De toute cette comédie humaine à laquelle bon an mal an nous sommes contraints de participer, cela vaut le coup de lire ou relire Balzac car en la détaillant ainsi aussi finement, avec force détails du décor il nous aide à prendre un recul salutaire avec celle-ci. Non en se disant je vaux mieux qu’un tel une telle, ce n’est pas ça, mais il nous aide à mettre le doigt sur l’ensemble, à le percevoir comme on peut percevoir une musique peu à peu en l’extrayant d’une première impression cacophonique. Ainsi prenant conscience, le décor s’éclaire l’esprit emprunte tous les rôles et les nouant les dénouant devant nos yeux, apporte cette petite touche à la fois étrange, ce je ne sais quoi d’étrangeté qui peut provoquer un malaise sous l’acropole pour certains et faire sourire d’autres, car cette étrangeté n’est pas dépourvue d’humour, ce qui me réconforte d’une manière si récurrente si insistante que je peux la sentir juste ainsi.

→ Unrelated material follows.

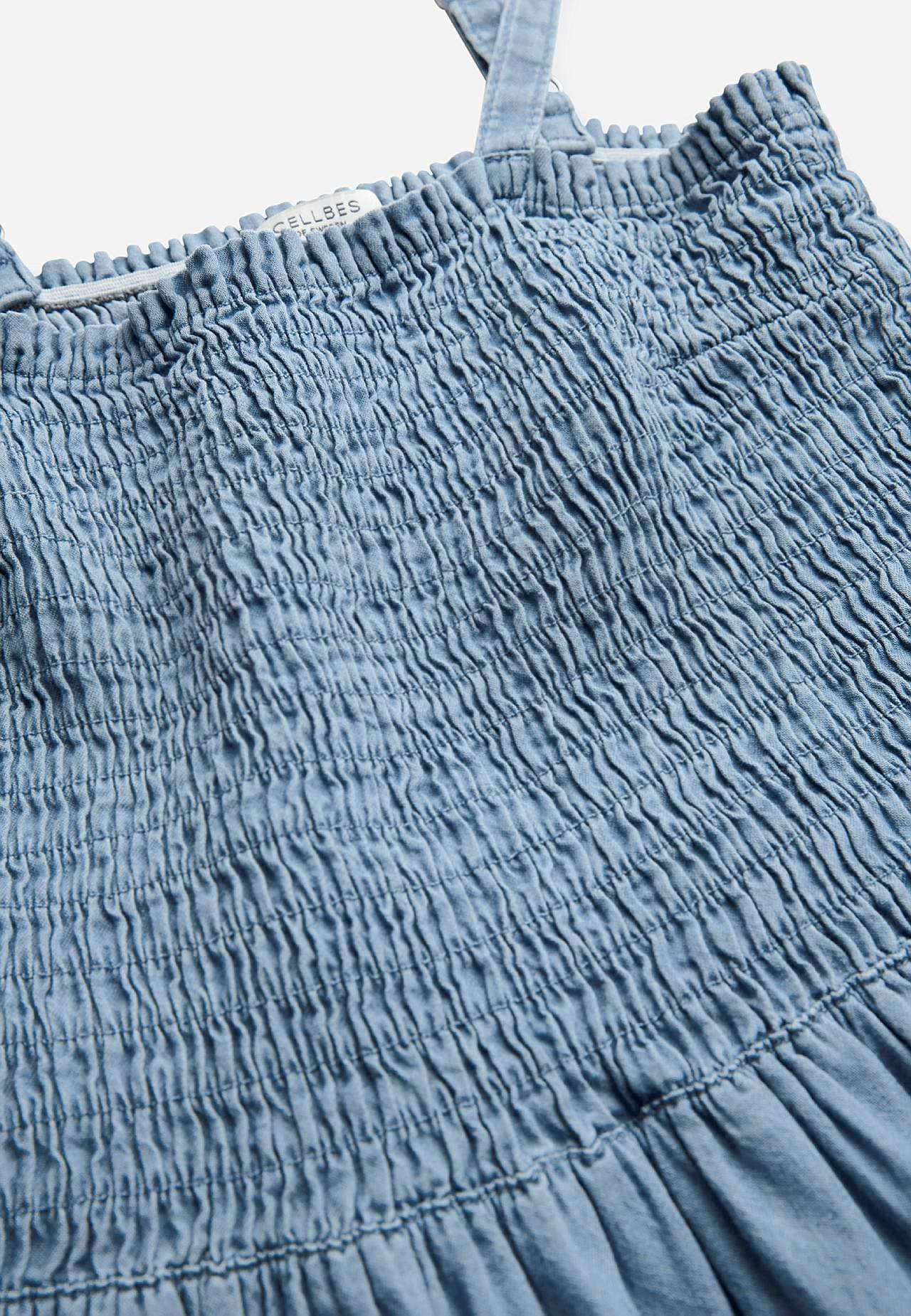 Delightfully soft denim dress with flounces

Comme il pleut, je continue ces notes. Des lieux, des objets, des paroles, des odeurs, des goûts, du toucher de certaines textures et matériaux que l’on puise dans l’expérience personnelle et dont on se servira dans les tentatives d’écriture quelle qu’elles soient, autobiographiques ou dites « de fiction » — toujours un doute qu’il puisse exister une véritable différence entre les deux. Car déjà l’effort pour nommer l’expérience est arbitraire et le cheminement d’une naïveté l’autre précaire.

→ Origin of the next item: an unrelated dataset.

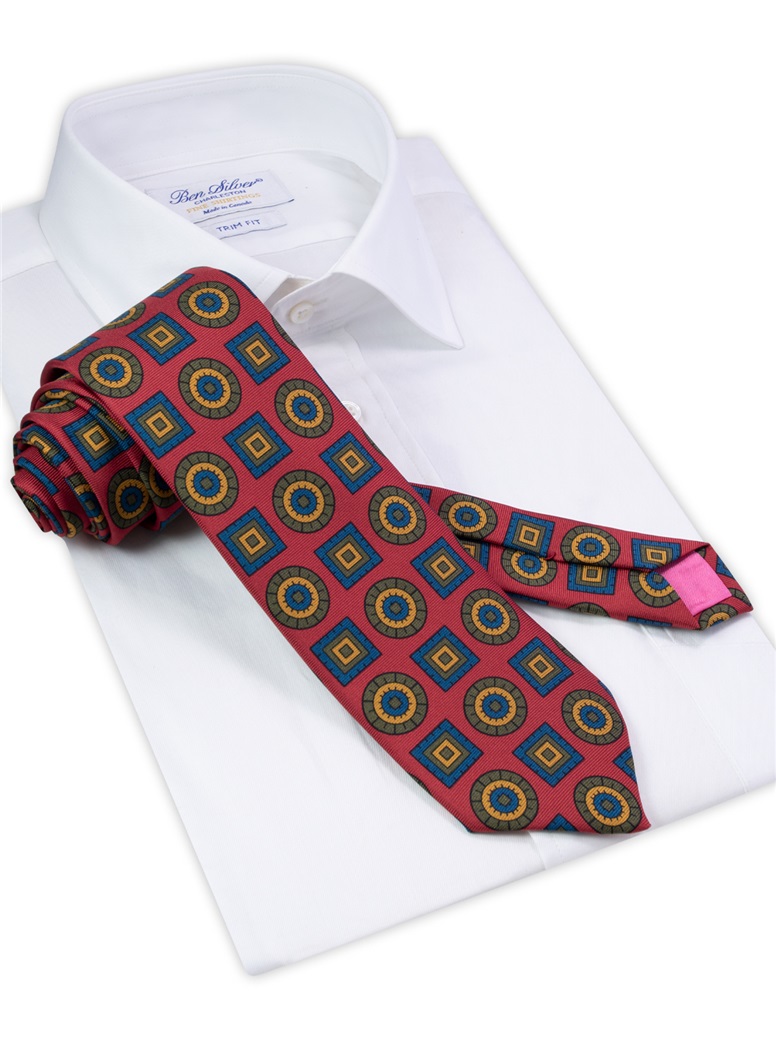 Silk Geometric Printed Tie in Red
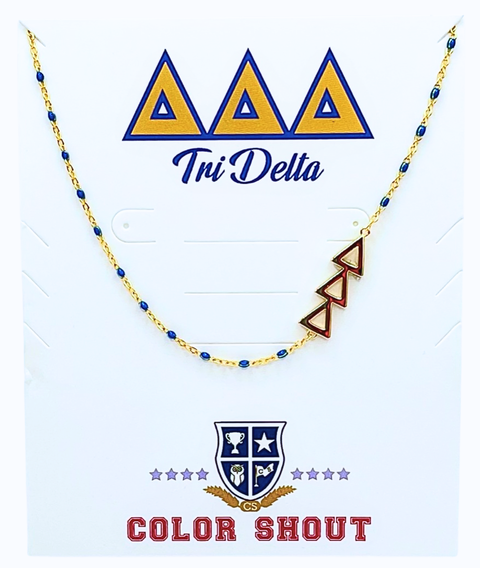 Delta Delta Delta Greek Letter Side Set Necklace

Le mot peut être catalyseur, réceptacle, déclencheur. Sa lecture, sa lecture silencieuse, le croit-on, ou à voix haute. Et il y a aussi ce voyage qu’un mot fait avec nous durant toute notre vie, la façon dont il va s’enrichir ou s’appauvrir selon l’attention qu’on lui apporte tout au long des circonstances traversées convoquant son usage. Il y a les mots nouveaux aussi appris au fur et a mesure de l’âge de l’expérience, ceux que l’on accepte fraternellement, et d’autres beaucoup moins, que l’on se dépêchera d’oublier, d’ailleurs ce sont ceux là qui par la suite une fois creusé la raison l’oubli deviendront souvent nos plus intimes, précieux, dont l’amitié aura été gagnée de haute lutte.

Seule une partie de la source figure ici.